Division is the opposite of multiplication just as subtraction is the opposite of addition. What I mean by opposite is that multiplcation will "undo" division and addition "undoes" subtraction. For example, 5+1=6, to "undo" the addition of 1, subtract 1 from 6 to get 5. For division and multiplication the same idea holds true. Take 15 and divide it by 3 to get 5. To "undo" the division take 5 and multiply by 3 to get the original 15. So I'll use the same concept to try and define a division by zero. Let's take 6 times 0, which is obviously 0. To "undo" the multiplication problem we should be able to take the 0 we got in the answer and divide it by 0 and get 6. Does 0 divided by 0 equal 6? Obviously not, in fact it is said to be undefined. If you do that problem on a calculator you get and "error" message.

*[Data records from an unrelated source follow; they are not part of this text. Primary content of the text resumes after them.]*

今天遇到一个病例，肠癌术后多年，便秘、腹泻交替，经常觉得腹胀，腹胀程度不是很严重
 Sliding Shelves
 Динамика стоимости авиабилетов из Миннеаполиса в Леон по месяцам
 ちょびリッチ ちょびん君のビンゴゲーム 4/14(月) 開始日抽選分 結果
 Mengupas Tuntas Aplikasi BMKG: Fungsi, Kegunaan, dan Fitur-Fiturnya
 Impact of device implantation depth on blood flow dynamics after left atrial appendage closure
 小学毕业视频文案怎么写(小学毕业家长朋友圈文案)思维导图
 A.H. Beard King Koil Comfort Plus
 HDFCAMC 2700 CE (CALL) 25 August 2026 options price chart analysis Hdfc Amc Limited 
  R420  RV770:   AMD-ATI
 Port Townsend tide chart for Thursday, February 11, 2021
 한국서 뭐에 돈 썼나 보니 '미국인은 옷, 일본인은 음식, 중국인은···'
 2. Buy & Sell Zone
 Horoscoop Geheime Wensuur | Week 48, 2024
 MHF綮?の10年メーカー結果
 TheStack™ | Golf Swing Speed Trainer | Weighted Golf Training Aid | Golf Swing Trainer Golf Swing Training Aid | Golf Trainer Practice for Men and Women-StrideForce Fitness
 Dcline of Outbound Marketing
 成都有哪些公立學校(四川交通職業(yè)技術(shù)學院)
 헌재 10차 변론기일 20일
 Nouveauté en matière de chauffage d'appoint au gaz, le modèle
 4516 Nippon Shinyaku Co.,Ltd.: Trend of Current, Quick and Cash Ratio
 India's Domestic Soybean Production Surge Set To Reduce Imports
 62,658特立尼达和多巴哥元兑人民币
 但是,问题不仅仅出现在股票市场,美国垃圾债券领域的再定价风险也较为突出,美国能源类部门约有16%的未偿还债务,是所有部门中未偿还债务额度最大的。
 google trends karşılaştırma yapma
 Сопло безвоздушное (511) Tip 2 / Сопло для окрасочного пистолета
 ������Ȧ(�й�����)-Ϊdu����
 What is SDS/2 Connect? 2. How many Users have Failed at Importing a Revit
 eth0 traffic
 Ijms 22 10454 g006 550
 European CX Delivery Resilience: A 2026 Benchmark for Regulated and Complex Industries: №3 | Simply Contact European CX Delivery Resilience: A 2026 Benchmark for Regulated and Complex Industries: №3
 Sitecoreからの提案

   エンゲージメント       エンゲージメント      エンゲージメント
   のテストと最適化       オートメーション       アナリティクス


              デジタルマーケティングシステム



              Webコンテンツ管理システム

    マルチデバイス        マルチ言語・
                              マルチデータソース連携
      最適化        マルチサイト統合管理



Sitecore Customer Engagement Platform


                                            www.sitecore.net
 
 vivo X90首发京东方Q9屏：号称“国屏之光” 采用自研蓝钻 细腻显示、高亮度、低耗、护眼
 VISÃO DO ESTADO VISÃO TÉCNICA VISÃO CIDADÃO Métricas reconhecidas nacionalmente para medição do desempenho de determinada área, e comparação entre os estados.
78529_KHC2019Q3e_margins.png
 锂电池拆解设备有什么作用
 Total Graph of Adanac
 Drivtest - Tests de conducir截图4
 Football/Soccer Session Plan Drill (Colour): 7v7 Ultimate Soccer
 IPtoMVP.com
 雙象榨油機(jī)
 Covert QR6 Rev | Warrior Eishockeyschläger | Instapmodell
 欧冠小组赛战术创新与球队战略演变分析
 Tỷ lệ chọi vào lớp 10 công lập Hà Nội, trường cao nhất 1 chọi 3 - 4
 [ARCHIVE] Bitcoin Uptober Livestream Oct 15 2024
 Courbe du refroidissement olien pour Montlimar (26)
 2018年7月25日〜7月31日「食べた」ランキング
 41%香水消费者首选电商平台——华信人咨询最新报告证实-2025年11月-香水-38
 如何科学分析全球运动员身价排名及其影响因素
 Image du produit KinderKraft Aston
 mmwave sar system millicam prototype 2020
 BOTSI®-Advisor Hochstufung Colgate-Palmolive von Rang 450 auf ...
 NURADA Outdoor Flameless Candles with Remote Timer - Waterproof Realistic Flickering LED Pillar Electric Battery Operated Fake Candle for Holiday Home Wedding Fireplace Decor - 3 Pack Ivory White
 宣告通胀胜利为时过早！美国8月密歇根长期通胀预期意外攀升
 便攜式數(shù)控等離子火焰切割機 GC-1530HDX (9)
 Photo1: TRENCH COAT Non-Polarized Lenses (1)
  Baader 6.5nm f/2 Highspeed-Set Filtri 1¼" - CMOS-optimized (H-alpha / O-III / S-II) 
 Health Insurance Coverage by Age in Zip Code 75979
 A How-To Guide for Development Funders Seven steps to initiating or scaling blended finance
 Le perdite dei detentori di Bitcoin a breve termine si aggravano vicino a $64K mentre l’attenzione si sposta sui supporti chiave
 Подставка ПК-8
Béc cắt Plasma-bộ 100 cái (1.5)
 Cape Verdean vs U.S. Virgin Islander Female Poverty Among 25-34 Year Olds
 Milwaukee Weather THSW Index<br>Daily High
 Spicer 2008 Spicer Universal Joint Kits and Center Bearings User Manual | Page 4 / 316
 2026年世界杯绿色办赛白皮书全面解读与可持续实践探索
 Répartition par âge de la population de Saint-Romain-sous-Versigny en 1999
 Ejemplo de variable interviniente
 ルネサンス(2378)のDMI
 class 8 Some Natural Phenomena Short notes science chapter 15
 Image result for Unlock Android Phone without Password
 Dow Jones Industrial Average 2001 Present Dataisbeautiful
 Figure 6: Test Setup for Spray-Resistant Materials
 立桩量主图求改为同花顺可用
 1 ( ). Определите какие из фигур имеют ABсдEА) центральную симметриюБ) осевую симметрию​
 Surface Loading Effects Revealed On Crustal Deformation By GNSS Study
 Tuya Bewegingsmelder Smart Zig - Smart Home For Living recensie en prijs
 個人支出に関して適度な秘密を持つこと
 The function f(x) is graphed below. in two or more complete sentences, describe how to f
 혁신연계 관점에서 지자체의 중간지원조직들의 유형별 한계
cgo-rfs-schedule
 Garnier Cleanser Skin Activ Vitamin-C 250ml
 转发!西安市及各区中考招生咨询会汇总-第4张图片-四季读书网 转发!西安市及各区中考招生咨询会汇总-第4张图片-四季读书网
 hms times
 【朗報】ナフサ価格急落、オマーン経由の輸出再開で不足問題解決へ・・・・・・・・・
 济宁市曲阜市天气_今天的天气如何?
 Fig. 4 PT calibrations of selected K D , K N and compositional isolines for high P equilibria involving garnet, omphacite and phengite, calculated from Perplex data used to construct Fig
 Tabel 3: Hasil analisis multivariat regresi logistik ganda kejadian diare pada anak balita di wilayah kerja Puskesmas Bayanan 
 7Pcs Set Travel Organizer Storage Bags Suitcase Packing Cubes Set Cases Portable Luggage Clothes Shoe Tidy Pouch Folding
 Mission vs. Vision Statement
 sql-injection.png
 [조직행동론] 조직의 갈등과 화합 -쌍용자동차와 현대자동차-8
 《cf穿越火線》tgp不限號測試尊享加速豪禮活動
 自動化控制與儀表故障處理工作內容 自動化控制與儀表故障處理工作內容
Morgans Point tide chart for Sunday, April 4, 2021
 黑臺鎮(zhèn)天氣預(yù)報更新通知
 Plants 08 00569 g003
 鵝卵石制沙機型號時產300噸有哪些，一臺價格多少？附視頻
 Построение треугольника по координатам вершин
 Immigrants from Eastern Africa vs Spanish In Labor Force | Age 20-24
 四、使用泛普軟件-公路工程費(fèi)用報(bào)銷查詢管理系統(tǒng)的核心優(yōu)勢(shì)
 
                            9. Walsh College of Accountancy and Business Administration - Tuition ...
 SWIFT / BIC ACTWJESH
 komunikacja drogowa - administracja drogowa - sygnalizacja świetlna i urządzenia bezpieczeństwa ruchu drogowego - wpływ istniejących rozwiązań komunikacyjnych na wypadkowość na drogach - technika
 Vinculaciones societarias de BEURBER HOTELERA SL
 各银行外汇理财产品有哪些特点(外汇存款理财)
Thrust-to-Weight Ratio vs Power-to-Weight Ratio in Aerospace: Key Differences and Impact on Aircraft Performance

Think of a pie and you want to divide the whole pie into 4 equal parts. Now 6 parts, 8 parts, etc. Each piece of pie gets smaller but no matter how many pieces you want to divide the pie into, technically that can always be done, albeit very difficult as the number of pieces gets larger. This is the same concept of the limit. As the number of pieces gets larger, each slice gets smaller. So for 1/n (1 representing the whole pie and n being the number of slices), as n gets larger each piece of pie gets smaller. Take the problem 1/n, as n gets smaller now and approaches 0, 1/n gets larger! Yes this is true. Say n is 1, then 1/1 = 1. When n= 1/2, 1/n = 2. When n= 1/100, 1/n = 100. When n= 1/10000, 1/n = 10000. What is happening here? 1/n is getting larger and larger as n approaches 0, so the limit as n approaches zero of 1/n is infinity. That would seem to indicate that 1 divided by 0 would be infinity as well, but that defies the rules of division and multiplication I mentioned above. The fact is, that n can NEVER actually EQUAL zero in the problem 1/n, it can just approach zero, get so infinitesmally small but never EQUAL zero. Division by zero is simply impossible.
Finally, think of this when considering division in general and division by zero. Take a pie and divide it into 1 part. That is obviously the entire pie. If someone says, "divide that pie into 0 parts". What would you do? You'd give the person a baffled look and say that a pie cannot be divided into zero parts, which is the same idea as dividing any number by zero. No the world wont "blow up when dividing by zero", nor can any number be divided by zero. It's simply impossible.